Differential effects of micro-opioid, delta-opioid and kappa-opioid receptor agonists on dopamine receptor agonist-induced climbing behavior in mice.

Interactions between the dopaminergic system and opioids have not been adequately clarified. The present study was designed to investigate the effects of micro-opioid (morphine), delta-opioid (SNC80) and kappa-opioid (U50 488H) receptor agonists on dopamine receptor agonist-induced climbing behavior in mice. Apomorphine (dopamine-receptor agonist) increased stereotyped climbing behavior, unlike methamphetamine, morphine, U-50 488H and (+/-)7-hydroxy-N,N-di-n-propyl-2-aminotetralin hydrobromide (D2-like receptor agonist).
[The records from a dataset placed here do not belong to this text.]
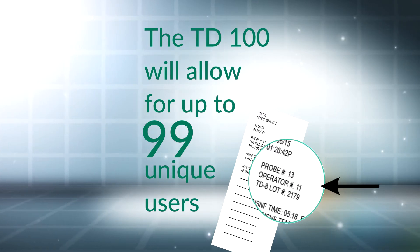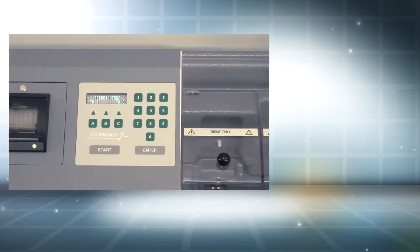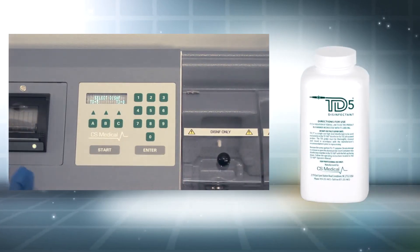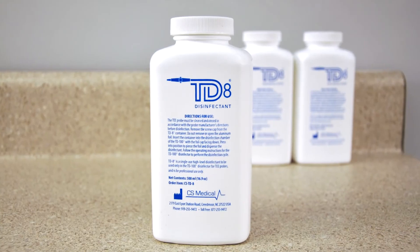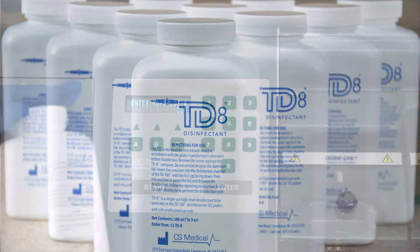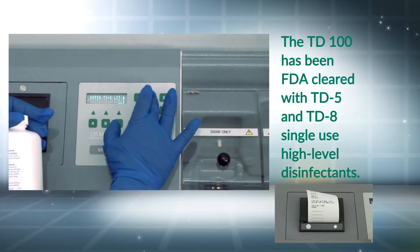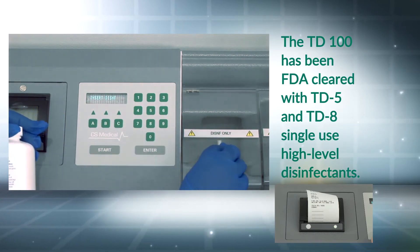The TD100 will accept up to 99 operator numbers. CS Medical offers two single-use high-level disinfectants for the TD100: TD5 and TD8. The disinfectant type will be printed on the verification ticket along with the lot number, contact time, and average temperature during the disinfection process.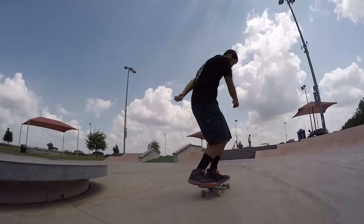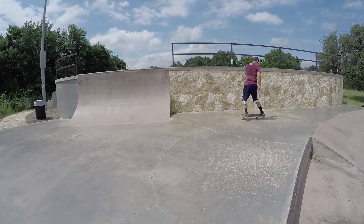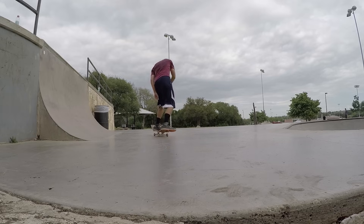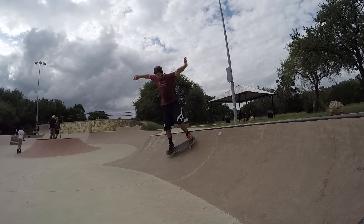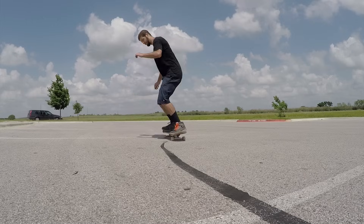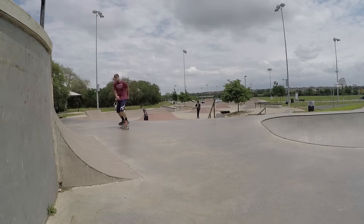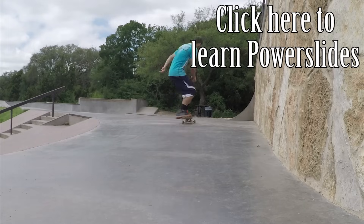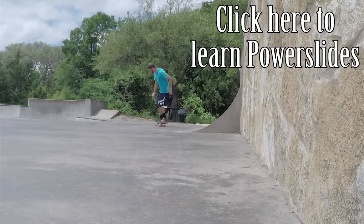Reverts can be used to get into and out of your switch stance without stepping off your board, or you can use it to link together multiple tricks. You can do reverts on almost any terrain, but they get easier if you do them on smooth or painted concrete. If you already know how to do power slides, you'll be able to pick up this variation pretty fast.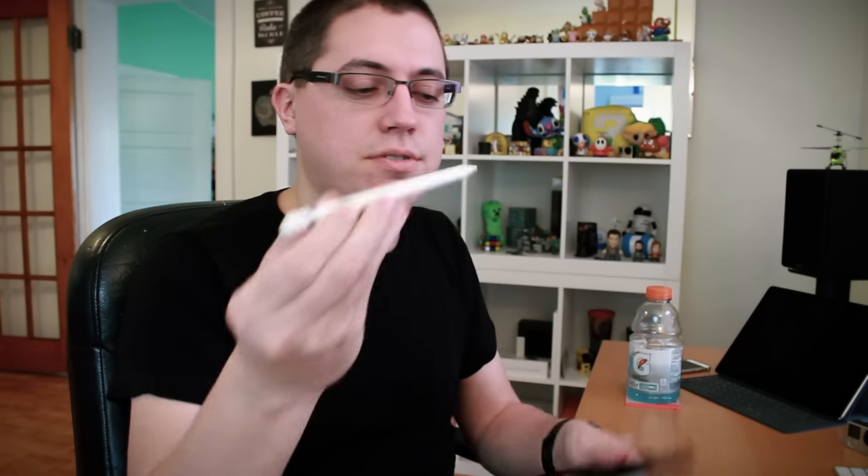Number one: this case does indeed have two cutouts for the True Tone sensors, which I think is pretty cool. Number two — and this is definitely very cool, I showed this in the weekend vlog, check it out right below in the video description — close the case, and included with the case is an Apple Pencil holder. And it's magnetic. Boom — isn't that awesome? So now I can conveniently bring my Apple Pencil around with my 9.7 inch iPad Pro, and it's easy to remove and easy to put back in.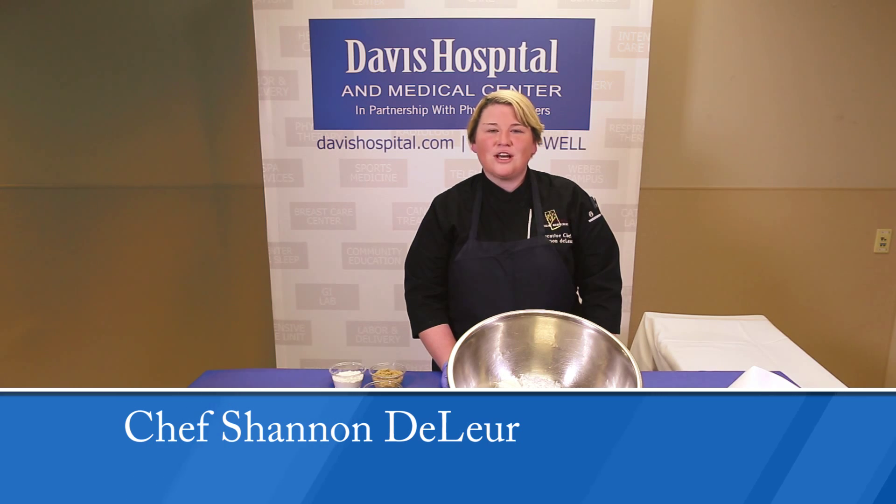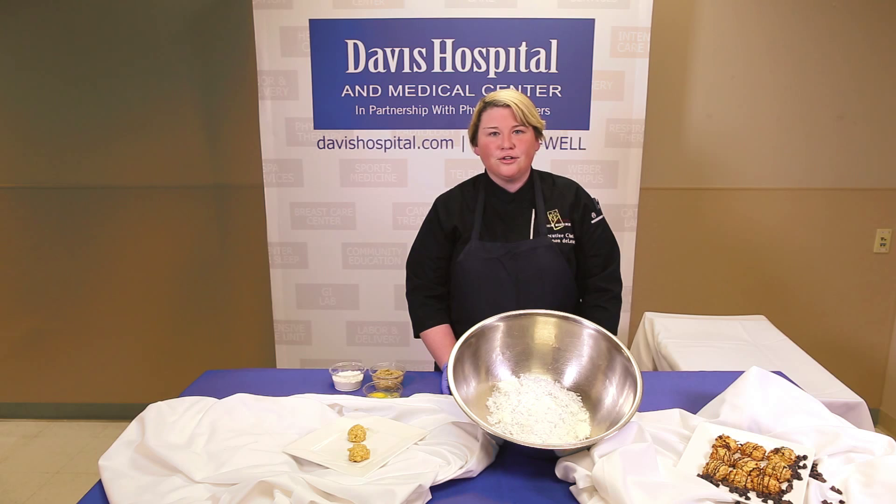Hi, I'm Chef Shannon Delore from Davis Hospital Medical Center. Today we're going to make a nice easy quick four-ingredient macaron that is willing to be served to anybody. It's quick, easy, and delicious.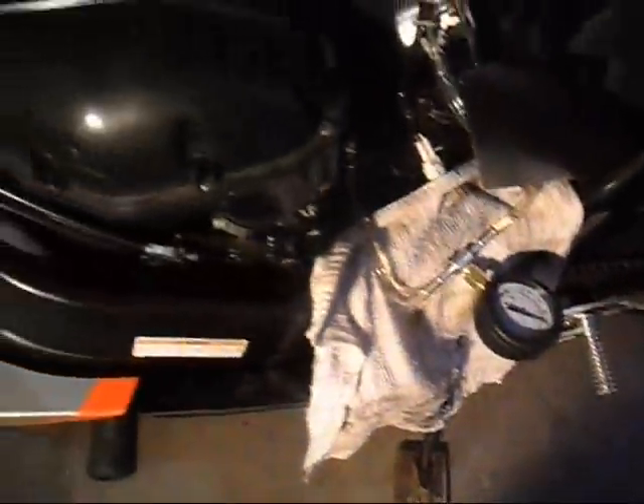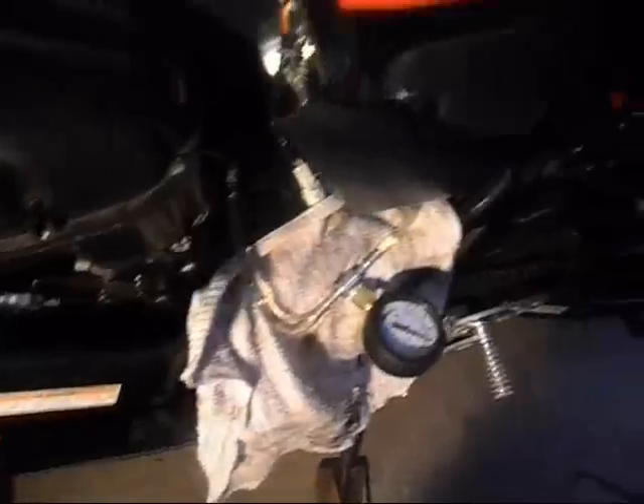Fuel pressure test while I'm in my garage. I have the bike shut up.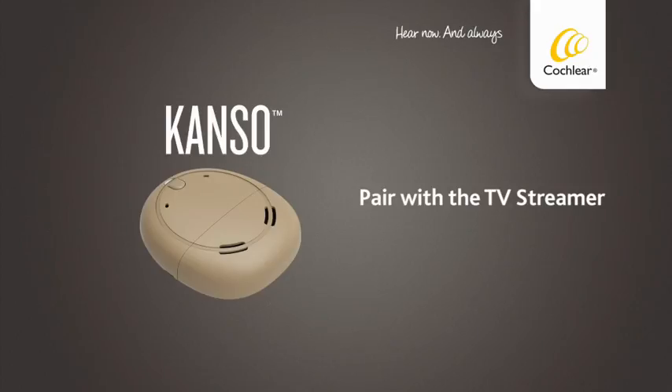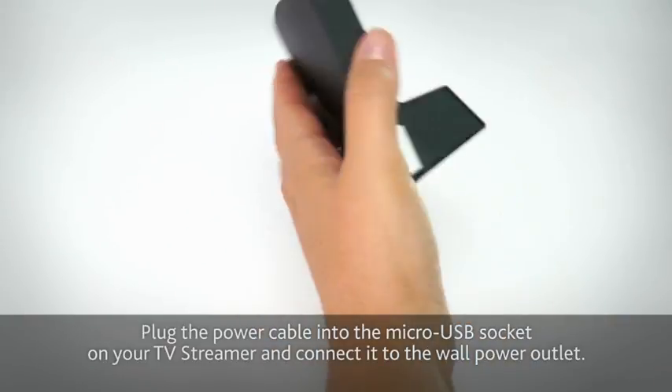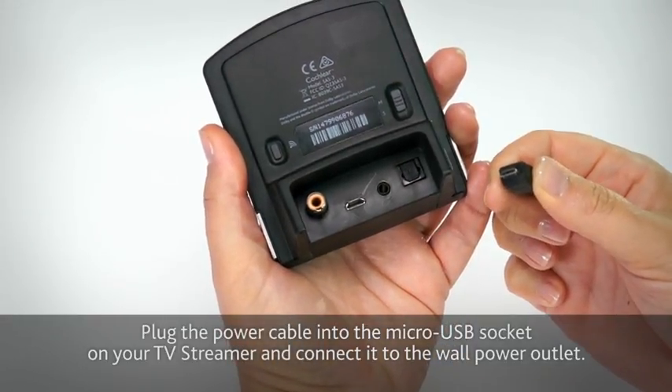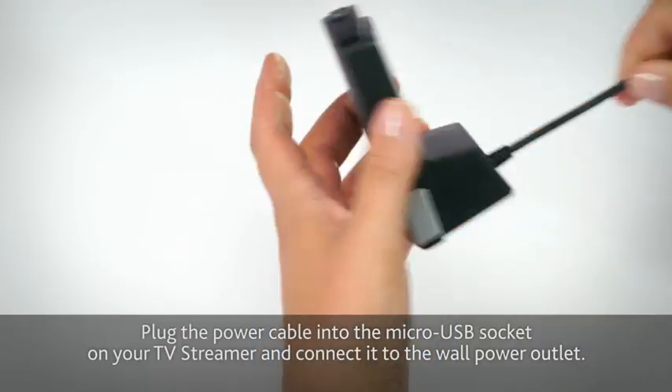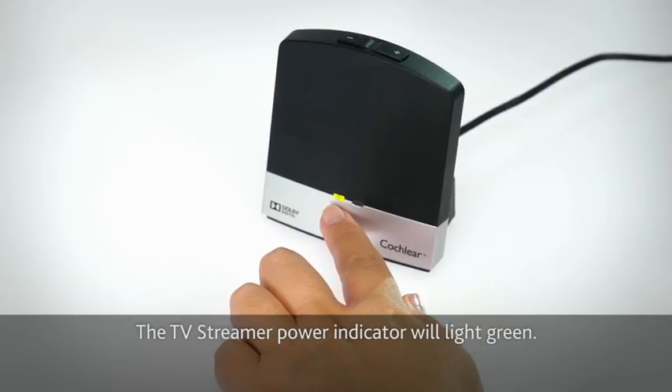Pair with the TV streamer. You first need to pair your TV streamer with your sound processor so they can communicate. Plug the power cable into the micro USB socket on your TV streamer and connect it to the wall power outlet. The TV streamer power indicator will light green.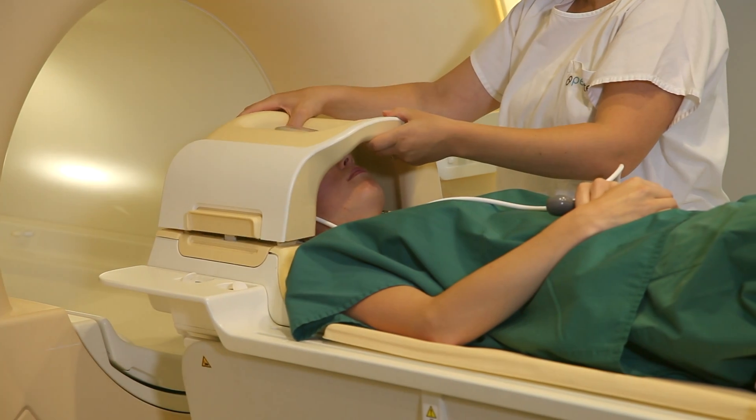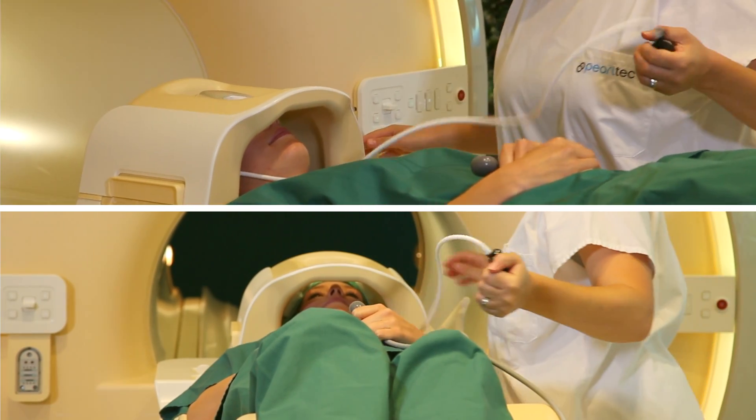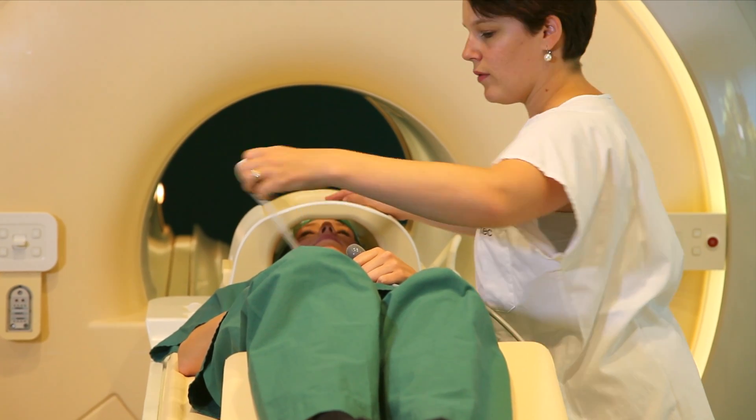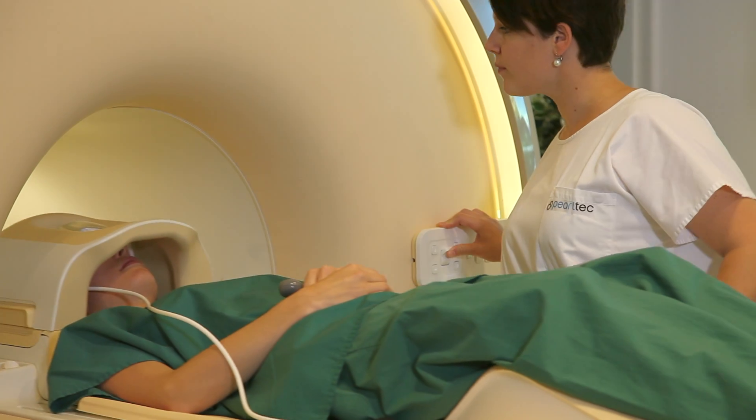Close the coil as usual. Then use the simple hand pump to expand the crania's comfortable positioning chambers. Make sure the air pressure is sufficient to stabilize the patient. Once inflated, place the pump away from the patient call button and the coil.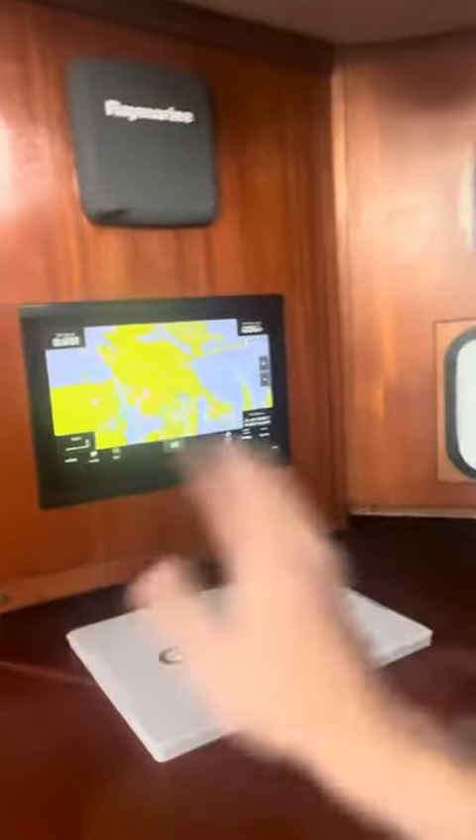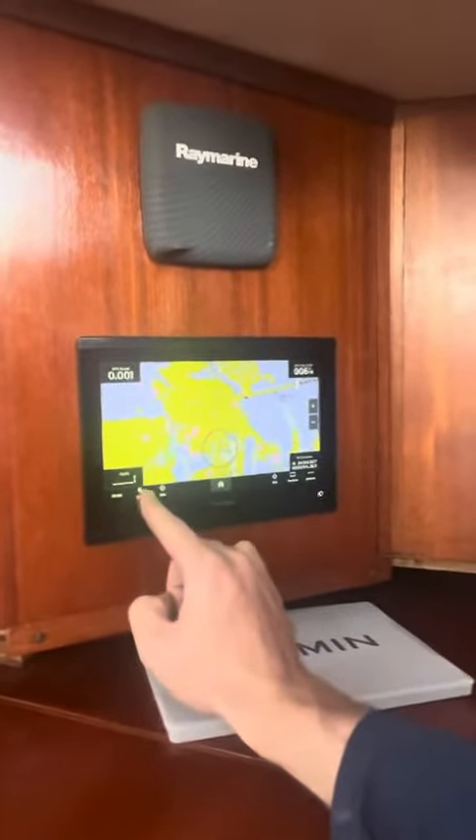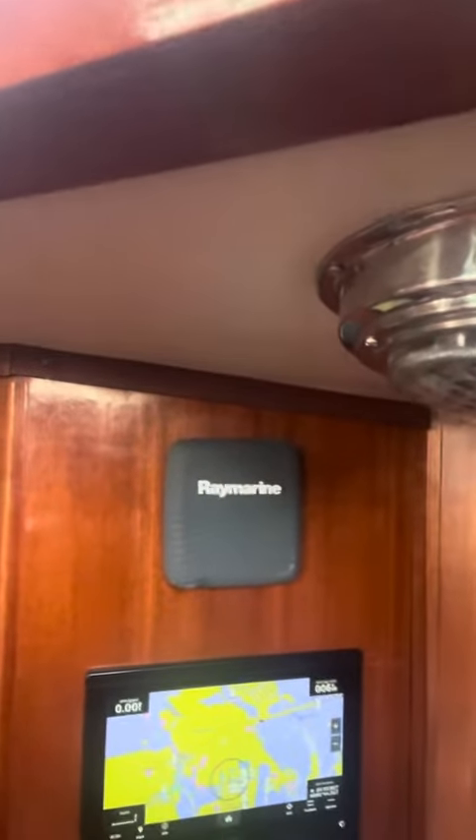So this guy's up and running, everything's working out except there is no transducer or depth shown here. If you recall, you have these older depth gauges — this is the back side of them. We can get those to talk to this, it's just going to take maybe another part and some wiring to get that hooked up. So if you want that going with depth also, just let us know and that's something we can get done.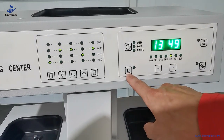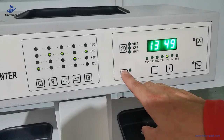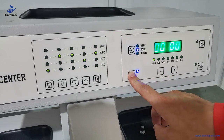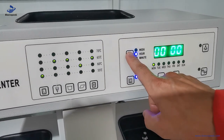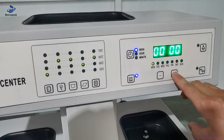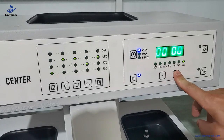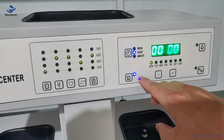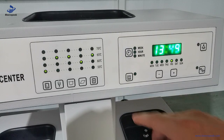Then we set the starting time. Press this key for over three seconds, then go to the week. For example, we let the machine start next Monday. Then go to the hour, then to the minutes, and finally confirm with this key.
Furthermore, SKF81297 (D1 receptor agonist) and SNC80 caused climbing behavior. In addition, while morphine (20 mg/kg), but not U50 488H or SNC80, significantly attenuated high-dose apomorphine (2.0 mg/kg)-induced climbing behavior, it significantly potentiated low-dose apomorphine (0.5 mg/kg)-induced climbing behavior. These results suggest that morphine may have dual effects on the behavioral effects induced by apomorphine. Furthermore, we interestingly showed that the combination of apomorphine or SKF81297 and SNC80 enhanced frequent nonstereotypic climbing behavior, suggesting that delta/D1 interactions may play a prominent role in the expression of certain types of behavior in mice. Thus, micro-opioid, delta-opioid and kappa-opioid receptor agonists induce possible differential effects on the dopaminergic system in mice.